And it turns out that quarantined lone fruit flies sleep too little and eat too much. Recognizable?

For many people, the lockdowns introduced have led to distorted sleep schedules and stretched waists. A culprit may be social isolation itself. Scientists have discovered that solitary fruit flies quarantined in a test tube also sleep too little and eat too much.

fruit flies

You might not say it, but those tiny fruit flies in your kitchen are very social creatures. For example, they forage and eat in groups, serenade each other through complex mating rituals and fight in miniature boxing matches to see who is the strongest. Researchers therefore found the sociable and good-natured fruit fly extremely suitable for studying the consequences of social isolation. “These creatures have put us on the right track time and time again,” explains researcher Michael Young. “Evolution put a lot of complexity into these insects a long time ago. And when we dig into their systems, we often find the rudiments of something that manifests itself in mammals and humans as well.” “If we don’t have a roadmap, the fruit fly becomes our roadmap,” adds study leader Wanhe Li.

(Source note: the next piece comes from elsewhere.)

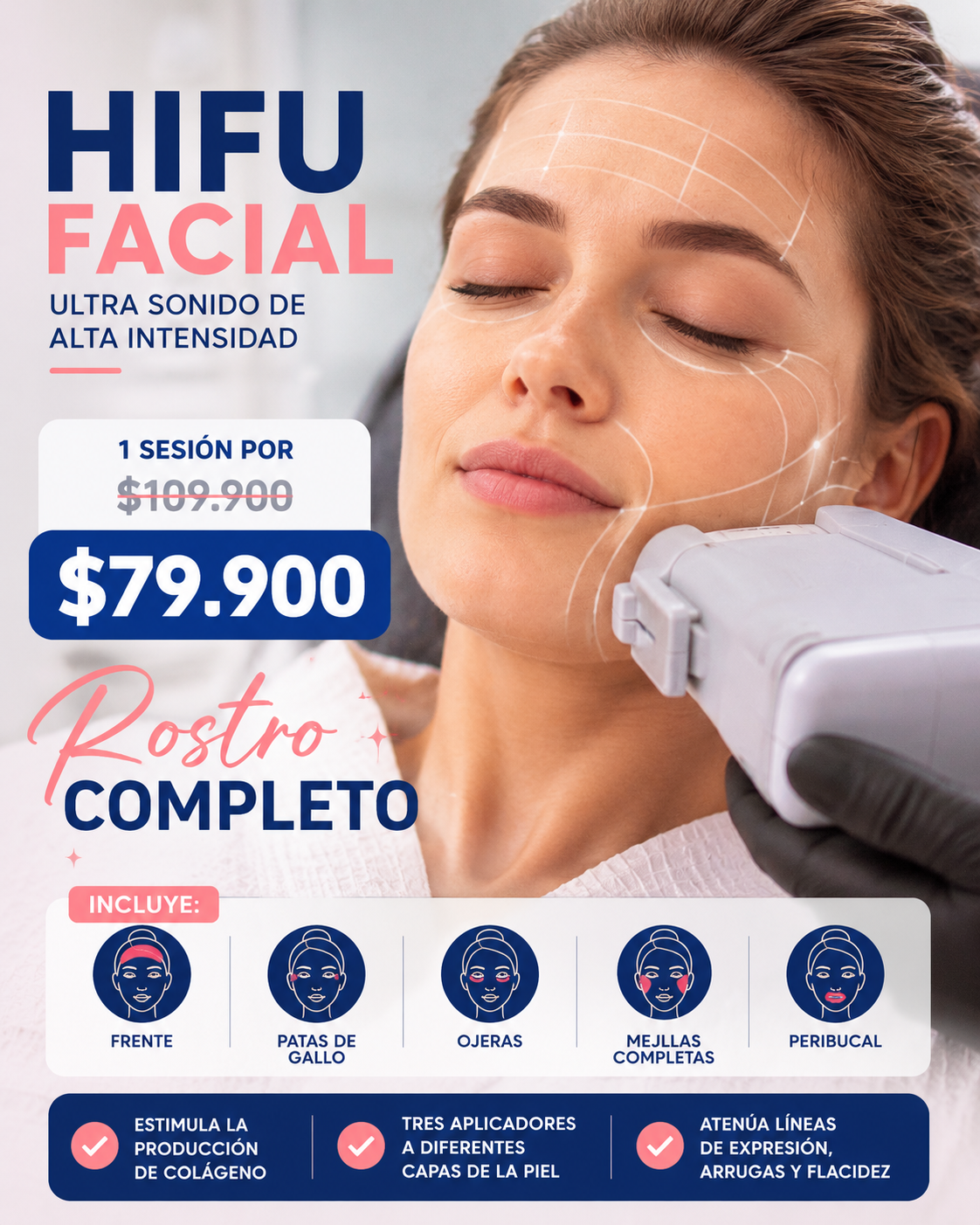 HIFU 12D Rostro Completo - 1 sesión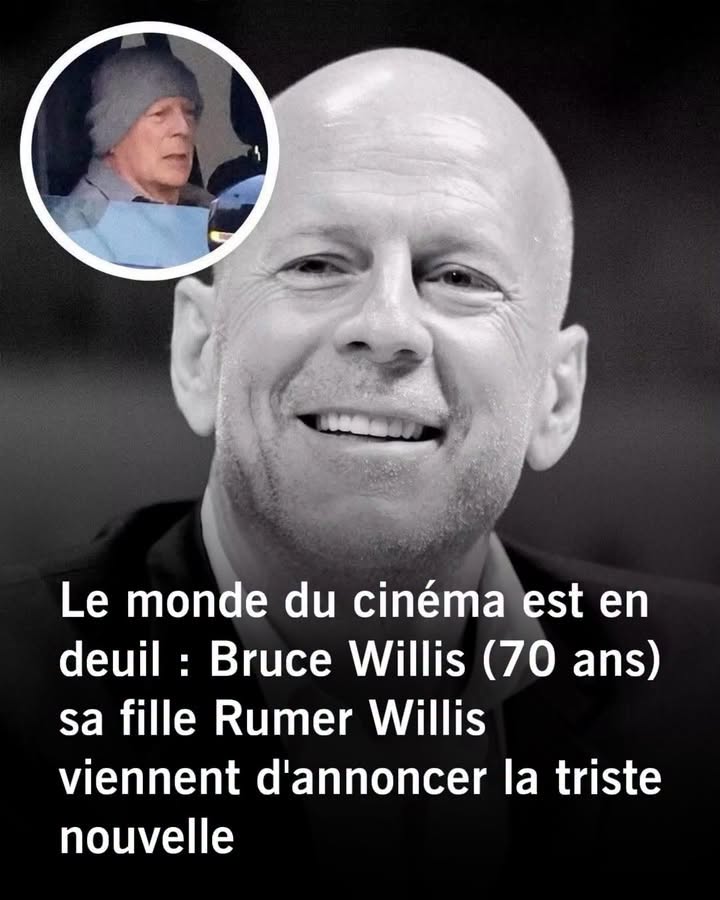 Bruce Willis, malade : cet aspect de la maladie qui brise le cœur de sa famille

“If we don’t have a roadmap, the fruit fly becomes our roadmap”

Lockdown

The researchers studied in the study how fruit flies put in test tubes responded to different lockdown conditions. After seven days, flies housed together in groups of different sizes showed no abnormal behavior. Even two congeners who had been separated from the rest together were perfectly happy with each other. But when a single fruit fly became completely isolated, after a week it started to show remarkable behavior: the lone insect began to sleep less and eat more.

brain cells

The researchers found that a small group of brain cells known as P2 neurons are involved in the observed changes in sleep and feeding behavior. When the researchers switched off the P2 neurons of chronically isolated flies, the flies suddenly stopped eating too much and their sleep patterns were restored. And boosting P2 in flies isolated from the group for just one day caused them to eat and sleep as if they’d been alone for a full week. “We managed to trick the fly into thinking it was in quarantine for a long time,” Li said. “The P2 neurons appear to be related to the perception of the duration of social isolation, or the intensity of loneliness.”

More experiments
In follow-up experiments, the team studied the fruit flies even more closely. For example, they wanted to rule out that just lack of sleep led to overeating (it didn’t). They then examined whether manipulating P2 neurons caused overeating and sleep deprivation (it didn’t). In the end, the researchers could only conclude one thing: an interaction between P2 neurons and social isolation causes fruit flies to sleep too little and eat too much.

By the way, fruit flies are not the only ones who sleep less and eat more when they are lonely. It is a known behavior in many social animals, including humans. For example, many people have arrived during the lockdowns; the well-known corona kilos. And many of us will also recognize what the corona crisis is doing to sleep quality. The reason for this is still somewhat unclear. “One possibility is that social isolation indicates a degree of uncertainty about the future,” Young suggests. “Preparing for difficult times may involve being alert and awake as often as possible and eating when food is available.”

Of course, the researchers cannot directly confirm in their study that people slept more and ate less during the lockdowns because of the same biological mechanisms that make fruit flies hungry and tired. Although the researchers do not rule this out. “It may very well be that our small fruit flies mimic the behavior of humans living under pandemic conditions for shared biological reasons,” Young says. In any case, the team has now discovered neurons and genes that seem to respond to social isolation in fruit flies. And so future studies can look for similar connections between loneliness, overeating and insomnia in laboratory animals and – ultimately – humans.